I am importing an excel file from the Robert Koch Institute into R using readxl::read_excel
. However, I am experiencing problems with a row that contains only dates. The date format is DD.MM.YYYY, but in the resulting data frame, they appear as seemingly arbitrary numeric values. Here is the code that I am using:
library(readxl)
df <- read_excel("path/to/Fallzahlen_Kum_Tab_Archiv.xlsx",
sheet = "BL_7-Tage-Fallzahlen (fixiert)")
head(df)
which returns the following output:
# A tibble: 6 x 494
`Fallzahlen in d~ ...2 ...3 ...4 ...5 ...6 ...7 ...8 ...9 ...10 ...11 ...12 ...13 ...14 ...15
<chr> <dbl> <dbl> <dbl> <dbl> <dbl> <dbl> <dbl> <dbl> <dbl> <dbl> <dbl> <dbl> <dbl> <dbl>
1 NA NA NA NA NA NA NA NA NA NA NA NA NA NA NA
2 NA NA NA NA NA NA NA NA NA NA NA NA NA NA NA
3 NA NA NA NA NA NA NA NA NA NA NA NA NA NA NA
4 NA 43957 43958 43959 43960 43961 43962 43963 43964 43965 43966 43967 43968 43969 43970
5 Baden-Württemberg 908 779 665 706 772 760 774 744 765 725 622 551 549 483
6 Bayern 1318 1246 1182 1223 1148 1151 1198 1194 1115 1022 1022 997 982 921
# ... with 479 more variables: ...16 <dbl>, ...

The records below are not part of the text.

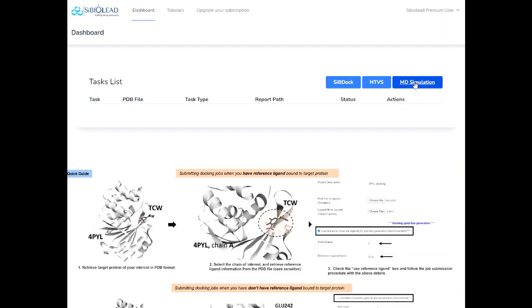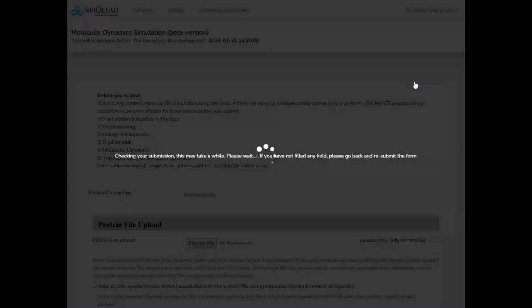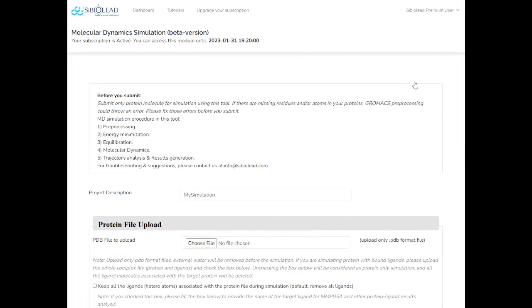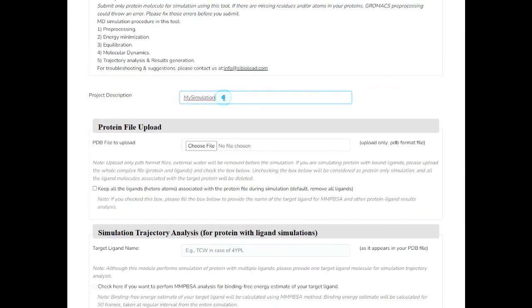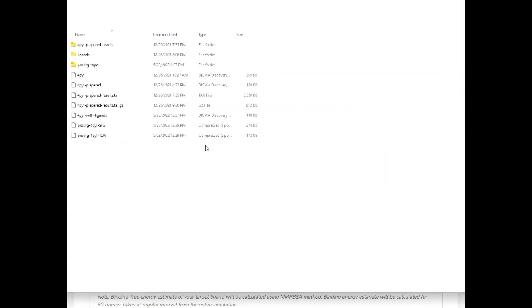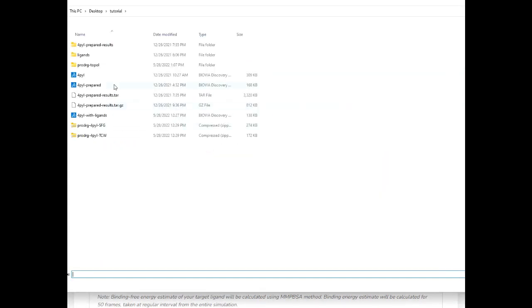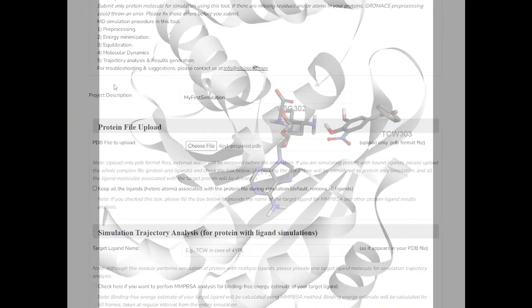Open the SI-BioLeads MD simulation submission page from your user account. Once you open the module, type your project name, then upload your target PDB file complexed with target ligand.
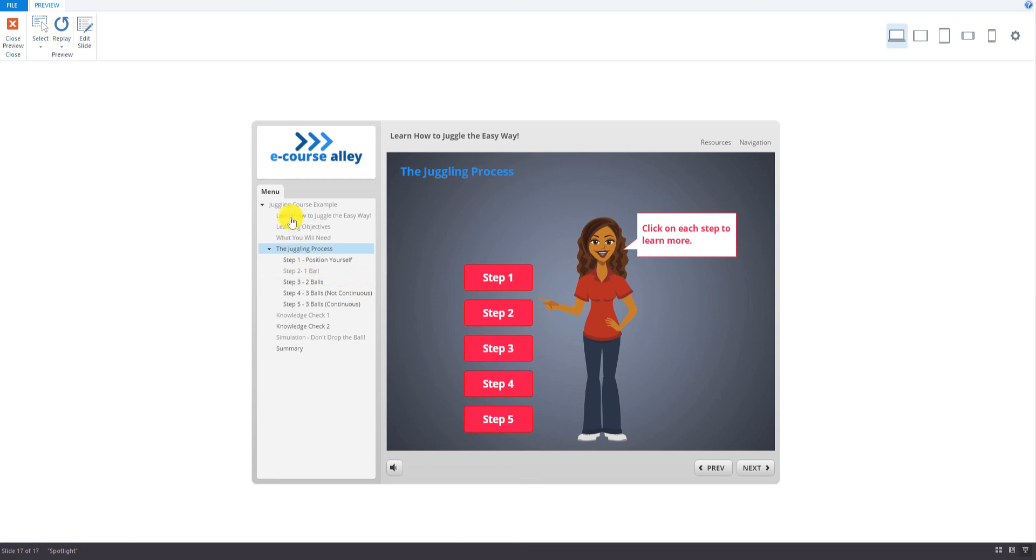Okay, so that's pretty much all there is to it for configuring the player properties. So in the next video we will preview the whole course and do some editing where necessary.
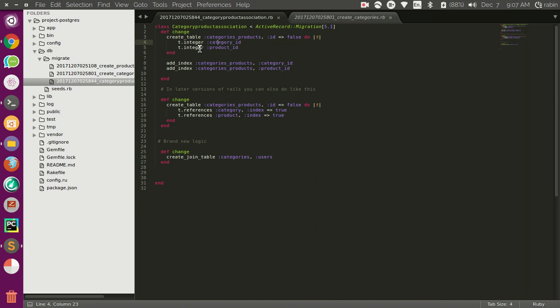Since these are foreign keys we are going to look them up a lot from our application. So we also want the index to exist on those two columns. This is the older version or older style of doing this.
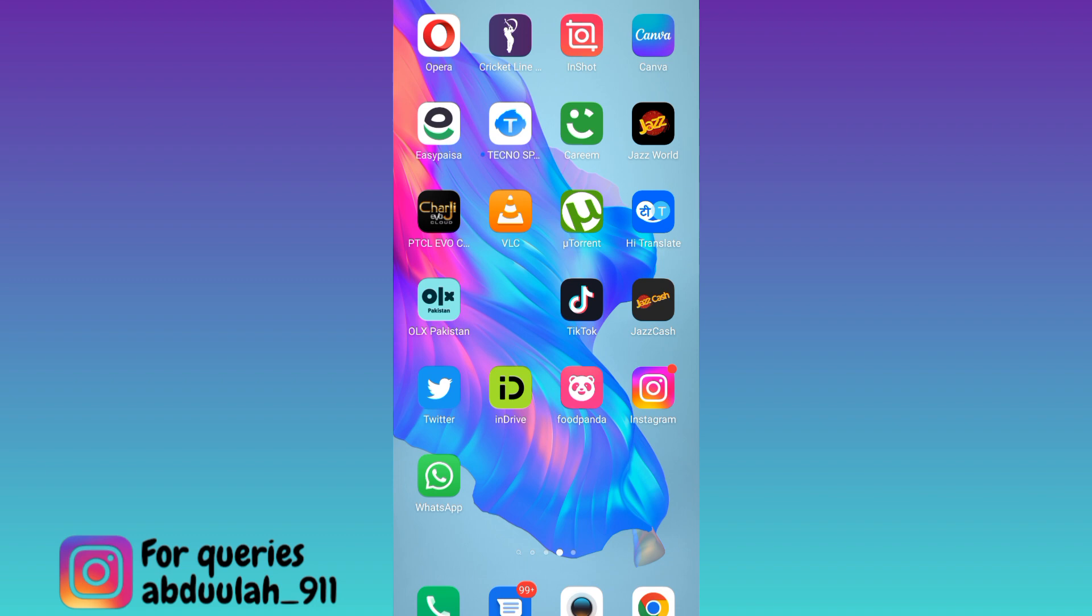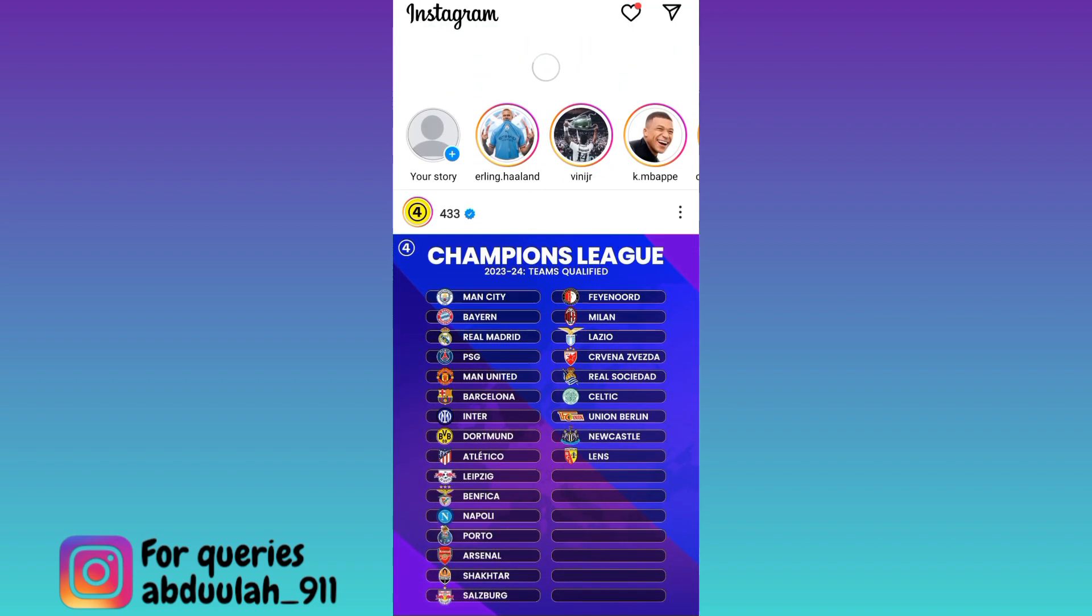So if you want to watch the Instagram story of a user secretly, then what you have to do is open Instagram application and refresh the feed.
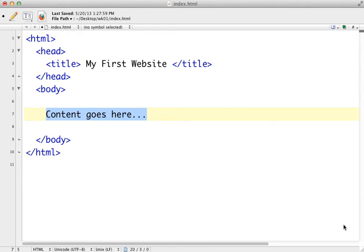Once you've got your HTML skeleton complete, you're ready to go ahead and start inserting content into the body tag. For this session, we're going to look at inserting text and formatting it in a very small way, just a couple of paragraphs and maybe some line breaks.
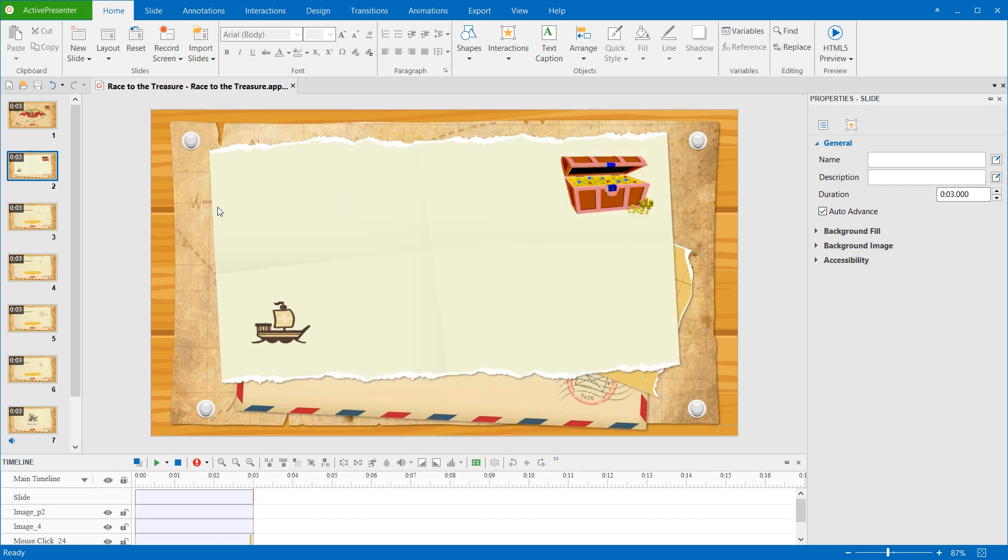Before learning this feature, you may want to take a look at the video Animating Objects to better understand the object animation.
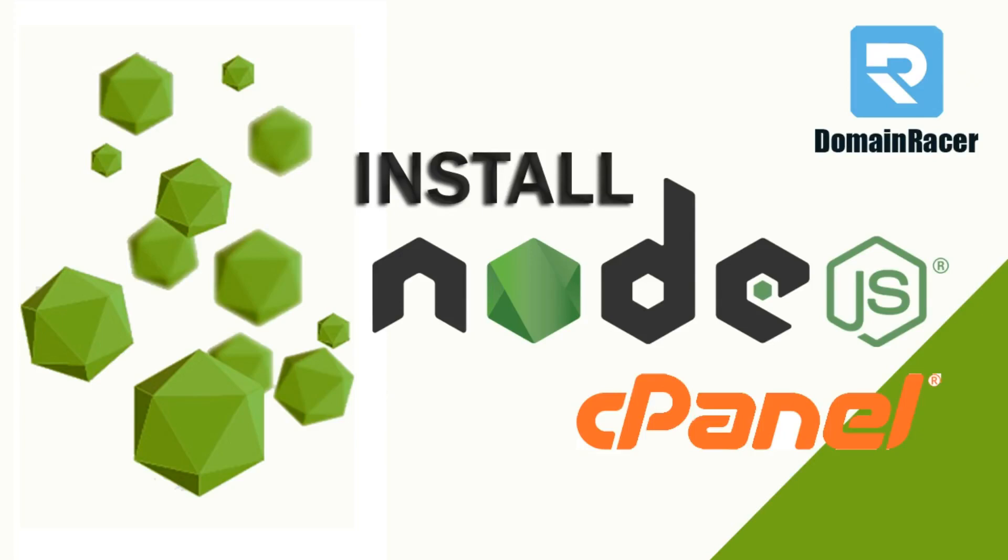Hello guys, welcome back to Domain Racer. This video is specially built to help you understand how you can install Node.js onto your cPanel and run a Node.js based application onto your cPanel-based shared hosting.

In row number 4, you can see the dates that are clearly not imported correctly. I already tried col_types="text"
and col_types="list"
, as this suggested in other posts, but this doesn't seem to change anything.
The excel file can be downloaded in the "Archiv" section of RKI's webpage and this should be the direct download link.